Aegon heeft op de rolzitting van 15 mei 2012 overeenkomstig de dagvaarding vijf grieven tegen het vonnis waarvan beroep aangevoerd, bewijs aangeboden en geconcludeerd dat het hof bij arrest het vonnis geheel, dan wel gedeeltelijk zal vernietigen en onder meer over zal gaan tot benoeming van een arbeidsdeskundige tot vaststelling van de schadepost verlies aan arbeidsvermogen, althans het onderzoek van de reeds benoemde arbeidsdeskundige met betrekking tot deze schadepost zal uitbreiden, met veroordeling van [ geïntimeerde ] in de kosten van het geding in beide instanties, vermeerderd met nakosten en wettelijke rente.

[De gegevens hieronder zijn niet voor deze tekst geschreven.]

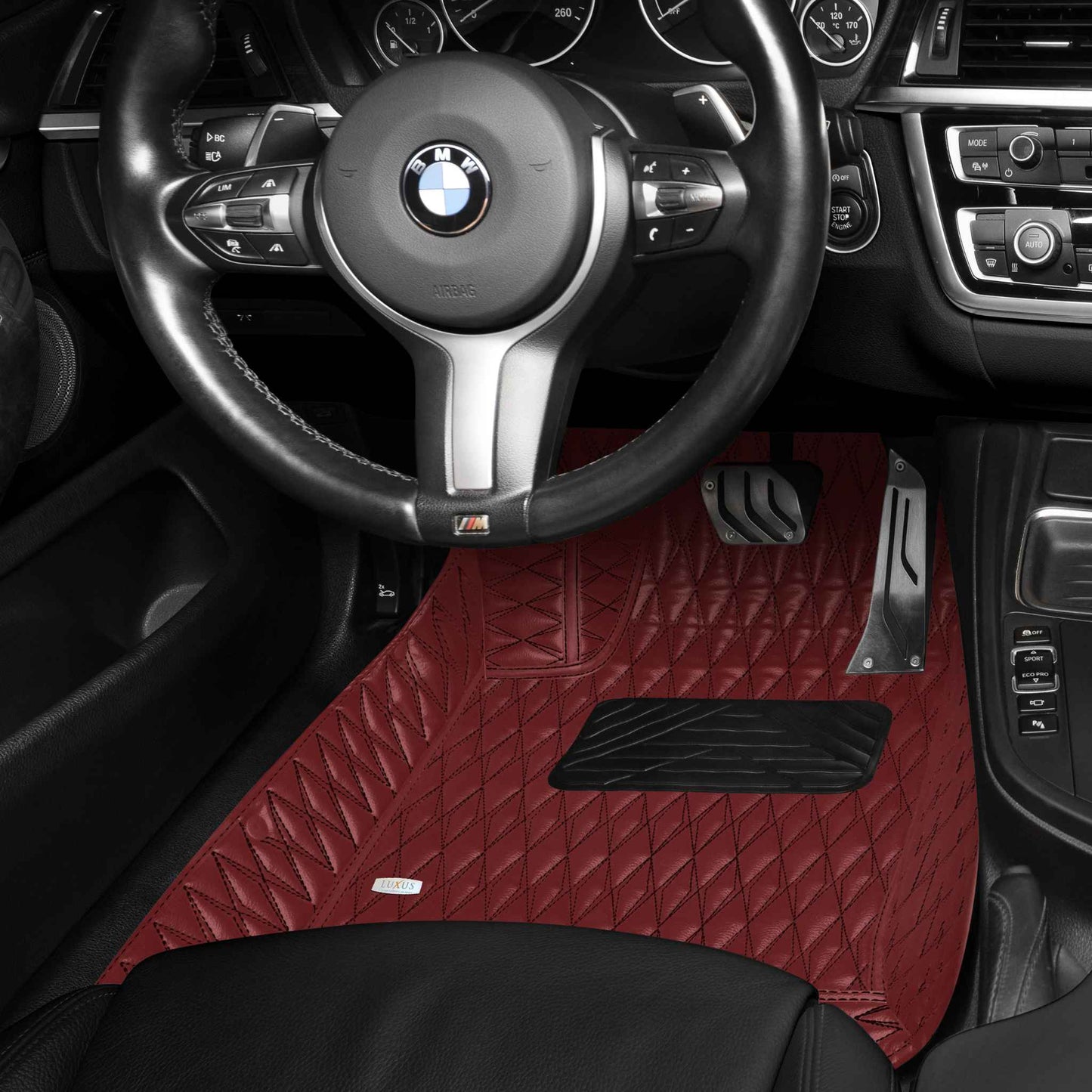 Tapis de Sol Premium Sur Mesure en 3D | Motif Double Losange | Rouge Bordeaux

Daarop heeft [ geïntimeerde ] bij memorie een niet-ontvankelijkheidsverweer opgeworpen, de grieven bestreden, producties overgelegd en in voorwaardelijk incidenteel hoger beroep vier grieven voorgesteld. In het principaal hoger beroep heeft [ geïntimeerde ] geconcludeerd dat Aegon niet ontvankelijk dient te worden verklaard in het hoger beroep, althans de grieven dienen te worden verworpen, met veroordeling van Aegon in de kosten van beide instanties. Onder de voorwaarde dat Aegon ontvankelijk wordt verklaard in het hoger beroep concludeert [ geïntimeerde ] in het incidenteel hoger beroep tot vernietiging van het bestreden vonnis, tot vaststelling van enkele feitelijke omstandigheden en tot vaststelling van de hoogte van de immateriële schadevergoeding zoals in deze memorie staat vermeld, met veroordeling van Aegon in de kosten van het incidenteel hoger beroep.
Aegon heeft bij memorie geantwoord in het incidenteel hoger beroep en geconcludeerd tot verwerping daarvan, met veroordeling, uitvoerbaar bij voorraad, van [ geïntimeerde ] in de kosten van het incidenteel hoger beroep, vermeerderd met rente en nakosten.
Ten slotte is arrest gevraagd.
2. De ontvankelijkheid van Aegon in hoger beroep
2.1. Het vonnis waarvan beroep maakt in het dictum niet geheel of gedeeltelijk een einde aan het geding tussen partijen en is daarmee een tussenvonnis. Op grond van artikel 337 lid 2 Rv is tussentijds hoger beroep van een tussenvonnis in beginsel uitgesloten. Een uitzondering op deze hoofdregel is aan de orde als de rechter die de uitspraak heeft gedaan anders heeft bepaald, hetzij in de bestreden tussenuitspraak zelf, hetzij bij afzonderlijke beslissing op een daartoe strekkend verzoek dat binnen de beroepstermijn is gedaan.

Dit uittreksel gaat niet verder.